**ACTIVITY:** Copy out each record below, exactly as given.

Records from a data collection

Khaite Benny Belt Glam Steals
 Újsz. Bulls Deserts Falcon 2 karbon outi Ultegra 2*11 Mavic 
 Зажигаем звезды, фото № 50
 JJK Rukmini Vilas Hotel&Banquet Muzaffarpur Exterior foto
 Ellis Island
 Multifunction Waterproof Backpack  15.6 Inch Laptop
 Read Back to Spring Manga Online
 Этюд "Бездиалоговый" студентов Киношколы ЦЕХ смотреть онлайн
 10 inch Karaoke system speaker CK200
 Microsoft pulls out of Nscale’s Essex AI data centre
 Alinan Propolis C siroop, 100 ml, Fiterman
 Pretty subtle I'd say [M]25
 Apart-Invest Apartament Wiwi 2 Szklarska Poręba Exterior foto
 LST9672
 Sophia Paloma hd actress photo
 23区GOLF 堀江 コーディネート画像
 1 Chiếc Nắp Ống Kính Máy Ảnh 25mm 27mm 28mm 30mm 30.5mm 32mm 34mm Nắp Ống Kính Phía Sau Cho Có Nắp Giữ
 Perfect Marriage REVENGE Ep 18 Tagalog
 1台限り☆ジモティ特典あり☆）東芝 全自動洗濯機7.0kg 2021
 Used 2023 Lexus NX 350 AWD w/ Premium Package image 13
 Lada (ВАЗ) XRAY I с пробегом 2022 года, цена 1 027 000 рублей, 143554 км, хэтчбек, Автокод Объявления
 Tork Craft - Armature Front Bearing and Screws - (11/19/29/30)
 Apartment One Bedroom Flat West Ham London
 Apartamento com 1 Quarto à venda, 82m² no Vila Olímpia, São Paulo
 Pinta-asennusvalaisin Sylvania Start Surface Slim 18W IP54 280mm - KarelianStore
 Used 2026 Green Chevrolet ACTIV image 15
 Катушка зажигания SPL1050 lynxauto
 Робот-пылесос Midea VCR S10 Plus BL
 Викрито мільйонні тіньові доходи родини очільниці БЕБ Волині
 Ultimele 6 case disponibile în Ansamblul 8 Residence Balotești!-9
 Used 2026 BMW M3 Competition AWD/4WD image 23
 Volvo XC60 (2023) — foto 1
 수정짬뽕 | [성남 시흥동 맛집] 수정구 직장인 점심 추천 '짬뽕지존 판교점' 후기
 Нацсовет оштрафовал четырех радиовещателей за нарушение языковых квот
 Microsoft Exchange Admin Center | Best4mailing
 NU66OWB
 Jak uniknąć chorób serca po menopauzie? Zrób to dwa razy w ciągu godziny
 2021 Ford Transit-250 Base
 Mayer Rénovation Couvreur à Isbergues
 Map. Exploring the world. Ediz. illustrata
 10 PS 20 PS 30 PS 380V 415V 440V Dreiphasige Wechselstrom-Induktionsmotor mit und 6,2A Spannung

**TASK ANSWER:**
Khaite Benny Belt Glam Steals
 Újsz. Bulls Deserts Falcon 2 karbon outi Ultegra 2*11 Mavic 
 Зажигаем звезды, фото № 50
 JJK Rukmini Vilas Hotel&Banquet Muzaffarpur Exterior foto
 Ellis Island
 Multifunction Waterproof Backpack  15.6 Inch Laptop
 Read Back to Spring Manga Online
 Этюд "Бездиалоговый" студентов Киношколы ЦЕХ смотреть онлайн
 10 inch Karaoke system speaker CK200
 Microsoft pulls out of Nscale’s Essex AI data centre
 Alinan Propolis C siroop, 100 ml, Fiterman
 Pretty subtle I'd say [M]25
 Apart-Invest Apartament Wiwi 2 Szklarska Poręba Exterior foto
 LST9672
 Sophia Paloma hd actress photo
 23区GOLF 堀江 コーディネート画像
 1 Chiếc Nắp Ống Kính Máy Ảnh 25mm 27mm 28mm 30mm 30.5mm 32mm 34mm Nắp Ống Kính Phía Sau Cho Có Nắp Giữ
 Perfect Marriage REVENGE Ep 18 Tagalog
 1台限り☆ジモティ特典あり☆）東芝 全自動洗濯機7.0kg 2021
 Used 2023 Lexus NX 350 AWD w/ Premium Package image 13
 Lada (ВАЗ) XRAY I с пробегом 2022 года, цена 1 027 000 рублей, 143554 км, хэтчбек, Автокод Объявления
 Tork Craft - Armature Front Bearing and Screws - (11/19/29/30)
 Apartment One Bedroom Flat West Ham London
 Apartamento com 1 Quarto à venda, 82m² no Vila Olímpia, São Paulo
 Pinta-asennusvalaisin Sylvania Start Surface Slim 18W IP54 280mm - KarelianStore
 Used 2026 Green Chevrolet ACTIV image 15
 Катушка зажигания SPL1050 lynxauto
 Робот-пылесос Midea VCR S10 Plus BL
 Викрито мільйонні тіньові доходи родини очільниці БЕБ Волині
 Ultimele 6 case disponibile în Ansamblul 8 Residence Balotești!-9
 Used 2026 BMW M3 Competition AWD/4WD image 23
 Volvo XC60 (2023) — foto 1
 수정짬뽕 | [성남 시흥동 맛집] 수정구 직장인 점심 추천 '짬뽕지존 판교점' 후기
 Нацсовет оштрафовал четырех радиовещателей за нарушение языковых квот
 Microsoft Exchange Admin Center | Best4mailing
 NU66OWB
 Jak uniknąć chorób serca po menopauzie? Zrób to dwa razy w ciągu godziny
 2021 Ford Transit-250 Base
 Mayer Rénovation Couvreur à Isbergues
 Map. Exploring the world. Ediz. illustrata
 10 PS 20 PS 30 PS 380V 415V 440V Dreiphasige Wechselstrom-Induktionsmotor mit und 6,2A Spannung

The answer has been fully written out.